Right time to pack whilst I await drugs from pharmacy. sorry for any typos it's this keyboard.

T + 323 I Forgot to Remember Not To Take my Tablet

Posted by raetsel at Wednesday, August 05, 2009

This morning I went to the transplant clinic for the first time in six months and it was, just marginally, a bit more unusual than a regular visit.


I had my bloods taken and then realised this morning I had already taken my ciclosporin which I am not supposed to do when I have bloods done as one is to measure the "ambient" level in my blood and this would be distorted by the morning dose. I was obviously out of practice going to the clinic.

Then through a convoluted sequence of thought processes which I won't go into here, I convinced myself I hadn't actually taken my ciclosporin and took my second dose that I would normally take at tea time. Oops.

I then went in to see the doc. She checked the skin on my chest and neck and said there was little or no evidence of Graft Versus Host Disease so we are going to reduce my steroids from 5mg per day to 5mg one day and none the next. Getting ever closer to coming off them.

My other blood results were the second unusual thing. My haemoglobin was back up to 11.2 from 10.6 last time which is very encouraging, looks like the folic acid is helping and I really might finally be making my own red blood cells. My platelets were also fine ( as they always have been throughout all my treatment, which is just as well for someone as clumsy as me ).

My white cells however, and in particular my neutrophils that fight bacteria were a lot lower than they had been.
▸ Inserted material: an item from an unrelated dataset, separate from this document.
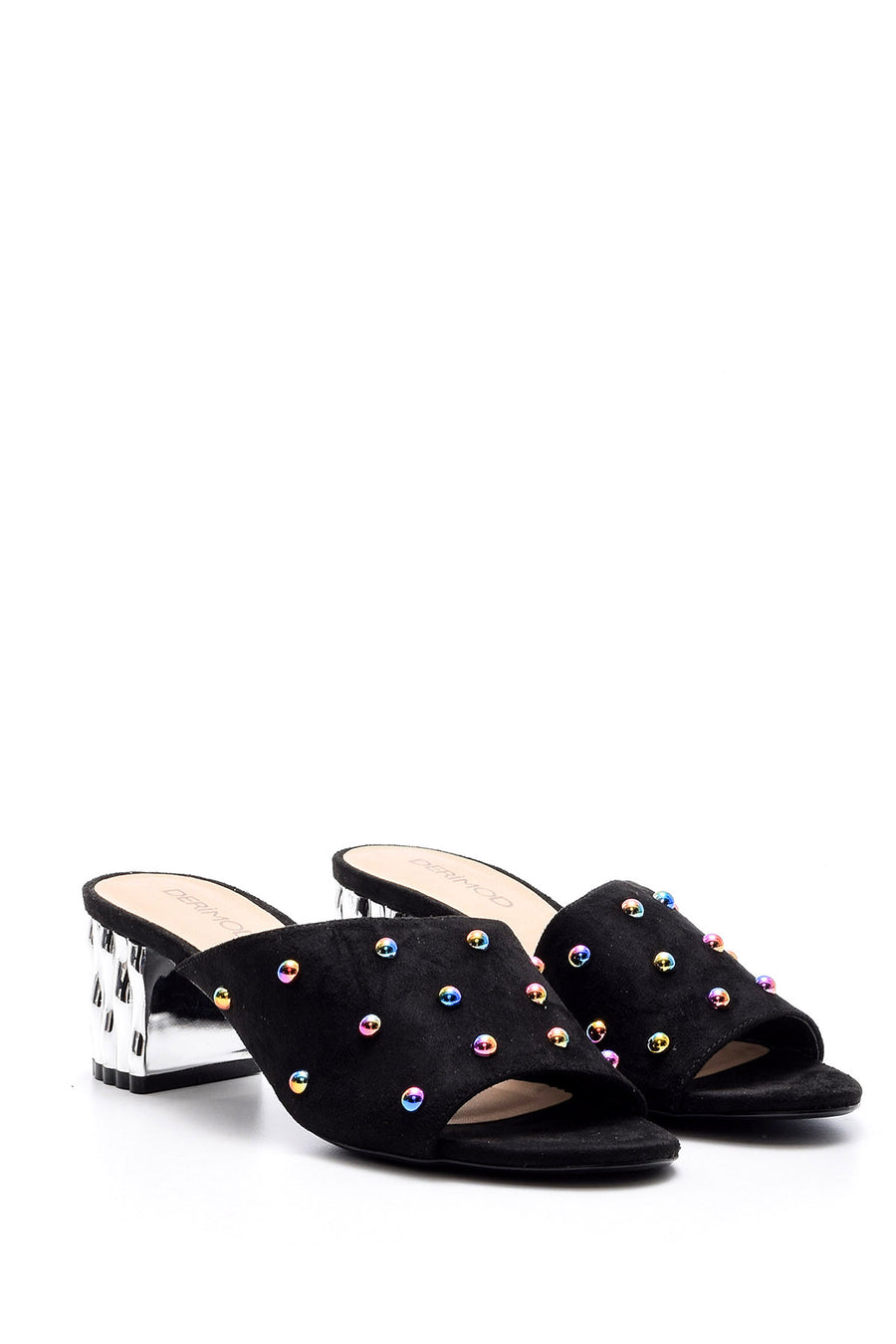 Women's Suede Heeled Slippers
This can be a sign that my body is, or has been, fighting an infection and the doc asked me if I'd had a cold or been otherwise unwell. However I've been fine as far as I know. As the doc said "we treat the patient not the blood test" so she didn't plan to do anything about the low counts at the moment but did ask to see me in two weeks to keep an eye on it.

Since I need to have a proper ciclosporin blood test I'm going in to the clinic on Friday to have that done and a repeat of the blood count sent to the lab to see what my neutrophils are then. Sometimes the analysis machine they use in the clinic gives the occasional anomalous result.
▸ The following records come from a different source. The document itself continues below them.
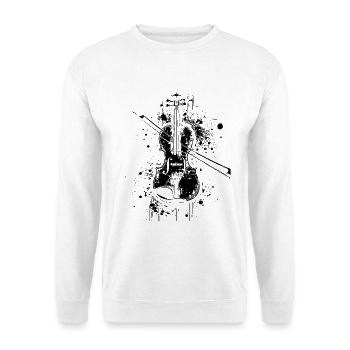 Violin Drawing - Unisex Sweatshirt - white - Front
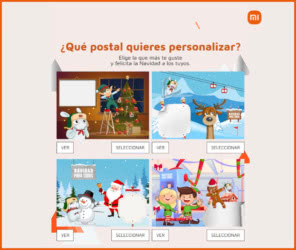 Gratis Xiaomi Postal Navidad Personalizada
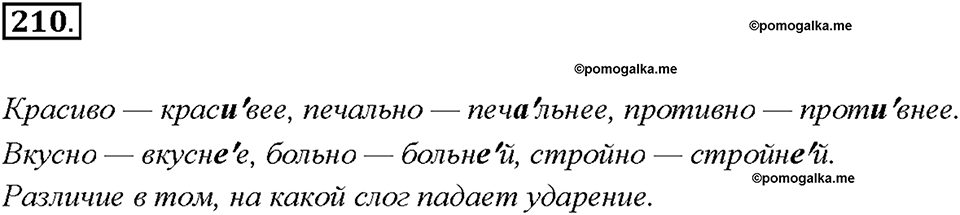 страница 113 упражнение 210 русский язык 7 класс Рыбченкова 2015 год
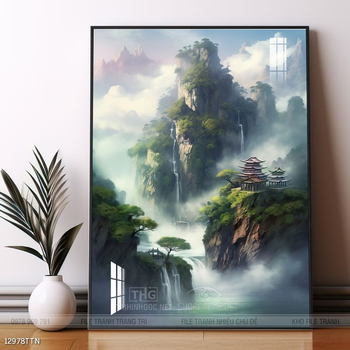 Tranh phong thủy nghệ thuật đẹp nhất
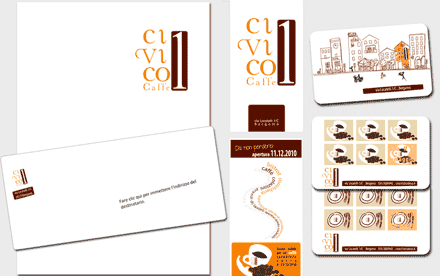 Civico1 - Corporate image for a local bar in Bergamo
T + 317 Nothing to See Here

Posted by raetsel at Thursday, July 30, 2009

On Tuesday I went to the late evening clinic at the eye hospital having been referred by my optician because my pressures were a bit high.


I got my long suffering taxi driver Dad to take me in case I had my pupils dilated and couldn't drive back. We arrived early and it was pretty busy. My appointment was for 18:45 and I was seen about 19:30 I think. They were short staffed apparently.

The doc I saw did the usual eye exam checks with the big light and called a colleague to come in to take a look at my map-dot-fingerprint dystrophy caused by my dry eye syndrome as he thought the colleague would like to see it.

The doc then recommended I start using the night cream lacrilube again and told me to come back in six months. At which point I gently reminded him I'd been referred for abnormal pressures and could he check them. I guess he'd had a long day. Anyway the good news is that my pressures are fine and I will go back in six months for a general check. The checks they do in opticians with those air puff machines are not as accurate as they can do at the eye clinics with the yellow dye and the blue light thing ( which I now know is known as Goldman Tonometry. You can see a video of different way to measure the pressure here , ( not for the squeamish ) )

In other news I've not been in to the office this week as someone on the floor below where I work and the wife of the person I sit next to have both been treated for swine flu. It hasn't spread anywhere else in the office so far and both people mentioned are now fine so hopefully I shall be back in the office Tuesday.

Tonight I am off to see the British independent Sci-Fi Movie "Moon" with Gareth and Andy and tomorrow the wood is being delivered to build the vegetable beds for the garden.

I ordered the wood from the local saw mill last Saturday where there was that frequent and special use of the word "be" as in "2 be 2" and "6 be 2". Rather oddly the lengths are metric and the other dimensions imperial hence ordering several 3m lengths of "6 be 2" . Now just hoping we get some dry weather to be able to build the beds.

In gadget news, thanks to a heads up from Andy about this recent change in Orange's T&Cs I have been able to get out of my current Orange contract and having been impressed by Gareth's iPhone 3GS I've ordered a white iPhone 3GS 16GB on contract from O2 via Carphone Warehouse and it's due for delivery today with a following wind. ( "Carphone Warehouse" is an odd brand name these days. Car phones used to be just that, fitted in the car and not removable but that was many years ago ).

T+308 Intermission

Posted by raetsel at Tuesday, July 21, 2009

Sorry for the bit of an intermission on my blog. Of course in one sense it means nothing exciting is going on medically which is a good thing but I really should try and manage at least one update a week. I will try harder.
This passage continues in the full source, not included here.